== WORK ORDER ==
Return every line below as is, leaving out the pictures.

== GIVEN MATERIAL ==
□ □ □ □ □ □ □

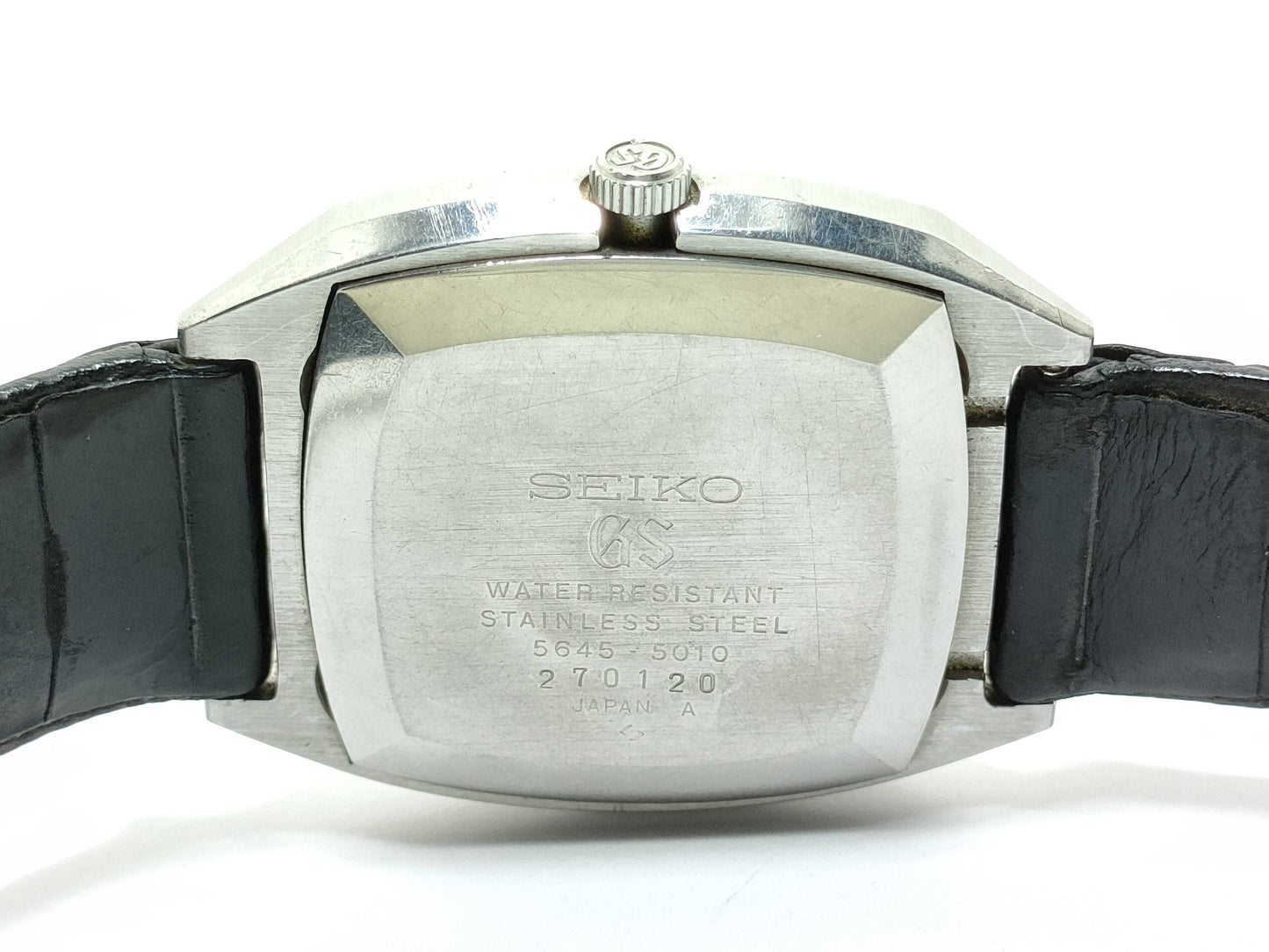 SEIKO Grand Seiko 5645-5010 270120 Stainless Steel/Leather/AT Silver Dial Current Condition Men's Watch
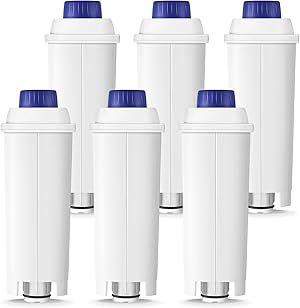 Molifal Wasserfilter, Ersatz für Delonghi Kaffeevollautomaten DLSC002 Filter, kompatibel mit Delonghi Dinamica, Magnifica S, Eletta Explorer, ETAM Autentica EPAM und ECAM-Serie Kaffeeautomat (6-Stück)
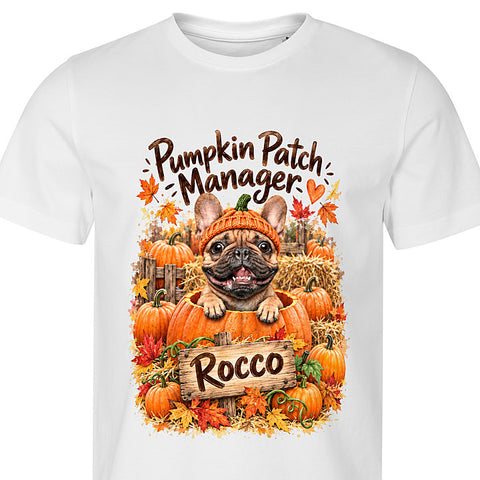 Pumpkin Patch Manager: dog portrait t-shirt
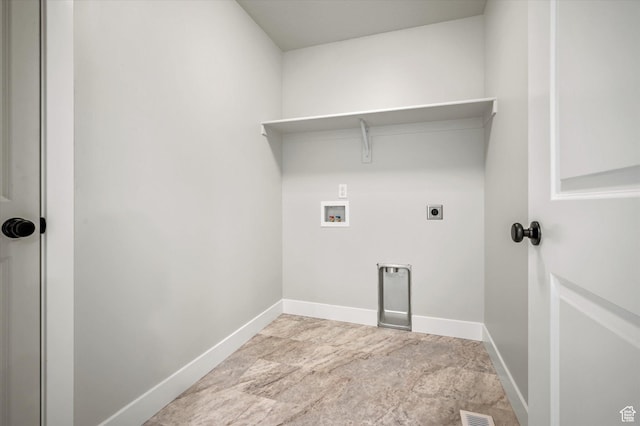 562 S 1140 E Unit 1206, Smithfield, UT 84335 - laundry area with visible vents, baseboards, laundry area, electric dryer hookup, and hookup for a washing machine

□ □ □ □ □ □ □

== YOUR SOLUTION ==
 SEIKO Grand Seiko 5645-5010 270120 Stainless Steel/Leather/AT Silver Dial Current Condition Men's Watch
 Molifal Wasserfilter, Ersatz für Delonghi Kaffeevollautomaten DLSC002 Filter, kompatibel mit Delonghi Dinamica, Magnifica S, Eletta Explorer, ETAM Autentica EPAM und ECAM-Serie Kaffeeautomat (6-Stück)
 Pumpkin Patch Manager: dog portrait t-shirt
 562 S 1140 E Unit 1206, Smithfield, UT 84335 - laundry area with visible vents, baseboards, laundry area, electric dryer hookup, and hookup for a washing machine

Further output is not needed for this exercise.